I have a large amount of source code which changes frequently on disk. The source code is organized (and probably best managed) in chunks of "projects". I would like to maintain a current index of the source code so that they can be searched. Historical versions of the documents are not required.
To avoid infinitely growing indexes from the delete/add process, I would like to manage the index in chunks (partitions?). The ingestion process would drop the chunk corresponding to a project before re-indexing the project. A brief absence of the data during re-indexing is tolerable.
When execute I query, I need to hit all of the chunks. Management of the indexes is my primary concern -- performance less so.
I can imagine that there could be two ways this might work:
- partition an index. Drop a partition, then rebuild it.
- a meta-index. Each project would be created as an individual index, but some sort of a "meta" construct would allow all of them to be queried in a single operation.
From what I have read, this does not seem to be a candidate for rollover indexes.
There are more than 1000 projects. Specifying a list of projects when the query is executed is not practical.
Is it possible to partition an index so that I can manage (drop and reindex) it in named chunks, while maintaining the ability to query it as a single unified index?

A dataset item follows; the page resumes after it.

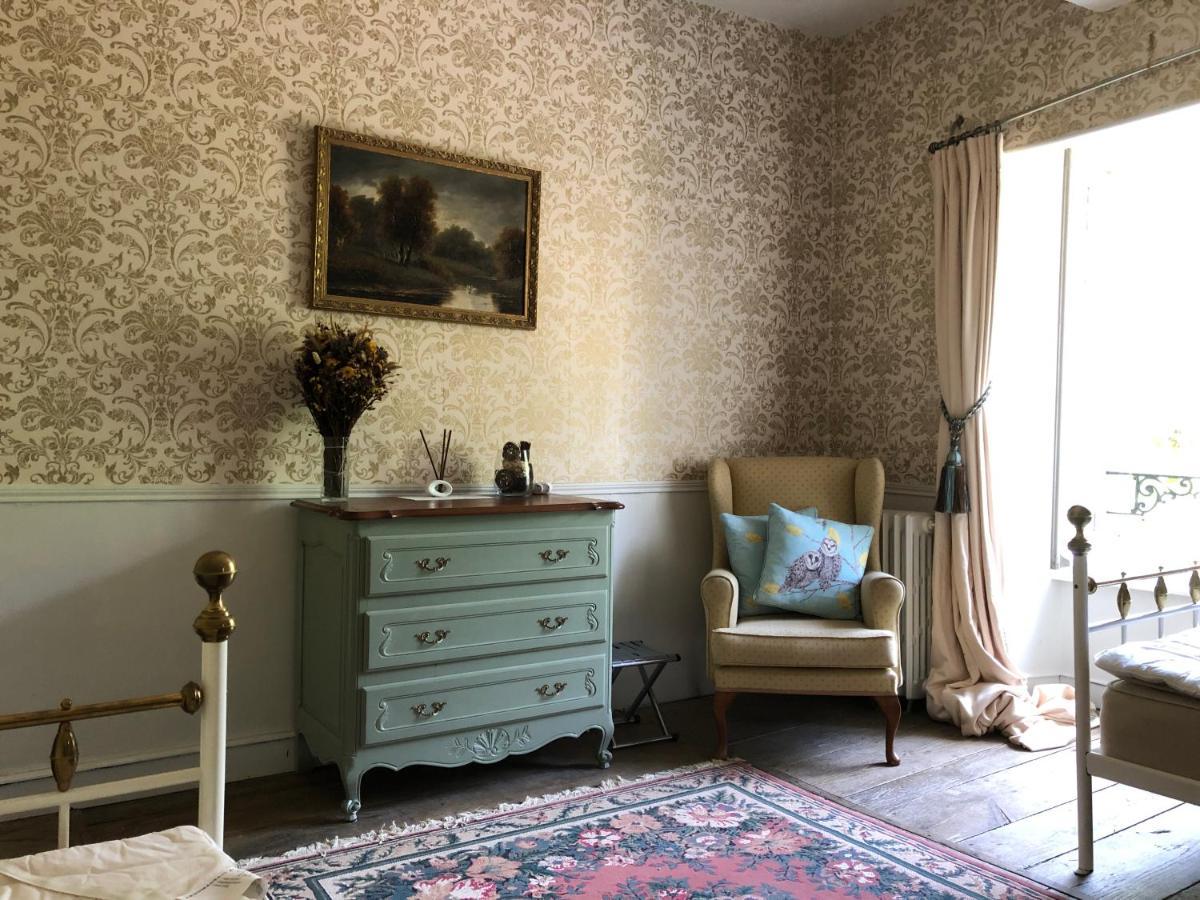 Chateau Gros Puy, Petit Chateau chambre d'hote Abjat-sur-Bandiat Extérieur photo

CodePudding user response:
Yes, you can achieve this using aliases.
Let's say you have the "old" version of the project data in index "project-1" and that index also has an alias "project". Then you index the "new" version of the project data in index "project-2". All the queries are done on the alias "project" instead of querying the index directly.
So when you're done reindexing the new version of the data, you can simply switch the alias from "project-1" to "project-2". No interruption of service for your queries.
That's it!
POST _aliases
{
"actions": [
{
"add": {
"index": "project-1",
"alias": "project"
}
},
{
"remove": {
"index": "project-2",
"alias": "project"
}
}
]
}